Site information
- Type: Army

Location
- Coordinates: 15°43′23″N 108°20′17″E﻿ / ﻿15.723°N 108.338°E

Site history
- Built: 1967
- In use: 1967
- Battles/wars: Vietnam War

Garrison information
- Occupants: 5th Battalion, 7th Cavalry Regiment

= Landing Zone Colt =

American army base in Vietnam

Landing Zone Colt (also known as Landing Zone Ordway) was a U.S. Army base located southwest of Hoi An, Quảng Nam Province in central Vietnam.

==History==
The base was located east of the Quế Sơn Valley and approximately 8k km west of Highway 1 and approximately 9 km southwest of Landing Zone Baldy.

Colt was originally established by the U.S. Army 5th Battalion, 7th Cavalry Regiment during Operation Wallowa in early October 1967.

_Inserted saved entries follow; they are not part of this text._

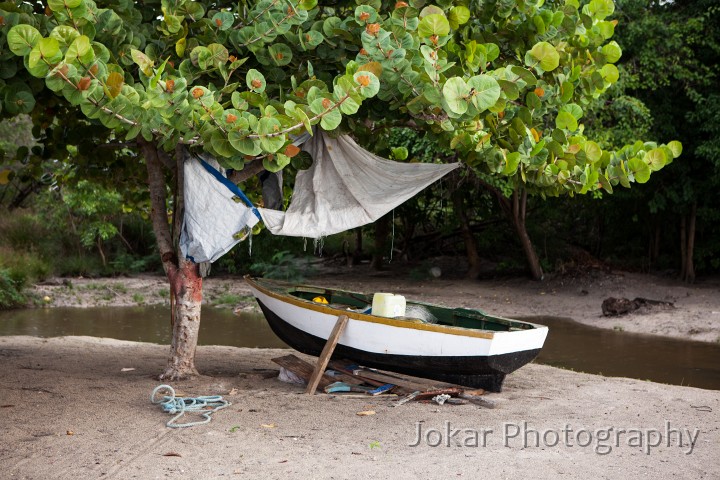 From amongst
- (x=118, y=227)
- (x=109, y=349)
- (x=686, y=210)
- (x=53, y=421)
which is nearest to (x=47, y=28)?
(x=53, y=421)

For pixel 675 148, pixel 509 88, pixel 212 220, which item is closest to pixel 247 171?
pixel 212 220

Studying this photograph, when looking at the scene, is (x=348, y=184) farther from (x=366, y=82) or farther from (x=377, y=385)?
(x=366, y=82)

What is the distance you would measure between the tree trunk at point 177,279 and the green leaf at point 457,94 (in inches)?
118

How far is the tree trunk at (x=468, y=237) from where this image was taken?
17.6 m

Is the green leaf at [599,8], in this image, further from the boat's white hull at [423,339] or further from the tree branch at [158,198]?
the tree branch at [158,198]

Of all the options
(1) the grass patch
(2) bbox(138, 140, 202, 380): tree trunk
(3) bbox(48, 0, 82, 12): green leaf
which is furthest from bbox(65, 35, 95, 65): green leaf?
(1) the grass patch

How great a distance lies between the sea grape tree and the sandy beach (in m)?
1.21

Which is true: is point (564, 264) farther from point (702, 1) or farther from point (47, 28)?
point (47, 28)

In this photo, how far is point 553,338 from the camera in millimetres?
12633

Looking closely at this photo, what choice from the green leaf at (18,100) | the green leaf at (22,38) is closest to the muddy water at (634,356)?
the green leaf at (18,100)

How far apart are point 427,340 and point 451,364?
1.00 ft

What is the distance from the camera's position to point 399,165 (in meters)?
7.25

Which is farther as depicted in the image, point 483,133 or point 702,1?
point 702,1

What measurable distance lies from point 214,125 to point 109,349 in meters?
5.32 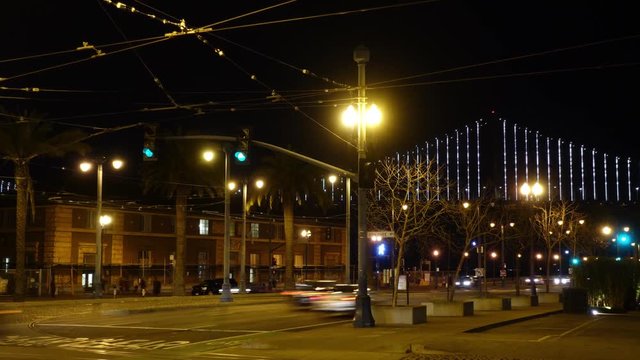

At 04:00 on 10 October, People's Army of Vietnam (PAVN) forces from the 3rd PAVN Regiment, including some disguised in US Army uniforms, attacked Colt. The attackers penetrated the base perimeter and targeted the Battalion command post killing everyone inside with grenades and small arms fire before withdrawing. Seven U.S. soldiers were killed during the attack and 17 wounded. The following day helicopter gunships attacked a PAVN unit and a patrol found several PAVN bodies, including one with a detailed map of the base layout. It was speculated that a PAVN informer had mapped out the base while attending a civilian aid station located inside the base.

==Current use==
The area has reverted to farmland and housing.